I don't have a ton of experience with teams that do testing, but from what I understand it's frowned upon. Tests should be isolated, and if two classes have the same implementation contract, why don't you have one class?


In my case, the two classes have the same interface, but the implementation is different.
For example, both Cat and Dog supports the same interface canEat and eat, but when, what, and where to eat is the implementation and is different between Cat and Dog.


That said, I've done it for partially shared functionality and it seems better than copy/paste.


Beside copy/paste, I also considered script generated code, include source code, but all of them lack readability and maintenance.
So I may go for the "forward to another function" way.

https://www.kbasm.com -- My personal website

https://github.com/wqking/eventpp  eventpp -- C++ library for event dispatcher and callback list

https://github.com/cpgf/cpgf  cpgf library -- free C++ open source library for reflection, serialization, script binding, callbacks, and meta data for OpenGL Box2D, SFML and Irrlicht.

I think it makes the most sense to have a contract test for the interface provided by the interface module. The Cat test can then supply a Cat to the contract test in its module, and the Dog can supply a Dog to the contract test in its module. When you change the contract test in any way, all derived classes contract tests should automatically have been updated. That is, the contract should come in one piece.

So, the contract for the interface is defined with the interface in the shared module. The check that any derived class conforms to the contract is done in the module of the derived class, as are any tests specific to that derived class.

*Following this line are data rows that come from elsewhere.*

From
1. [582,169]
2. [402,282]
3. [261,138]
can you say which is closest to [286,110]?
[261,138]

The specifics of precisely how I'd recommend you do this depends on how your test framework registers tests. If you're using QTest, you could make the contract test abstract and inherit from it in the test for the specific class.

[quote=Telastyn]I don't have a ton of experience with teams that do testing, but from what I understand it's frowned upon. Tests should be isolated, and if two classes have the same implementation contract, why don't you have one class?[/quote]
For example, all classes that inherit from I_Serializer might be required to be able to serialize and deserialize back and forth without changing the object being serialized. You could write this test once and apply it to all things that claim to be a valid implementation of I_Serializer.

They almost certainly have other properties as well. The XmlSerializer would need its own tests that are different from the BinarySerializer. So they could use both a contract test and an implementation test.
However, I have one more question:
I'm used to, and maybe a lot of people do so, that only write test assertions in the test body (TESTCAT) rather than an external function (testAnimal).
Is there anything bad to forward the test itself (TESTCAT) to another function (testAnimal), like in your code?
I don't think so but want confirmation.
In my unit testing framework, I just use the engine's ASSERT macro to implement test conditions. If the test calls into other code, and that code uses ASSERTs, then it can trigger a test failure as well.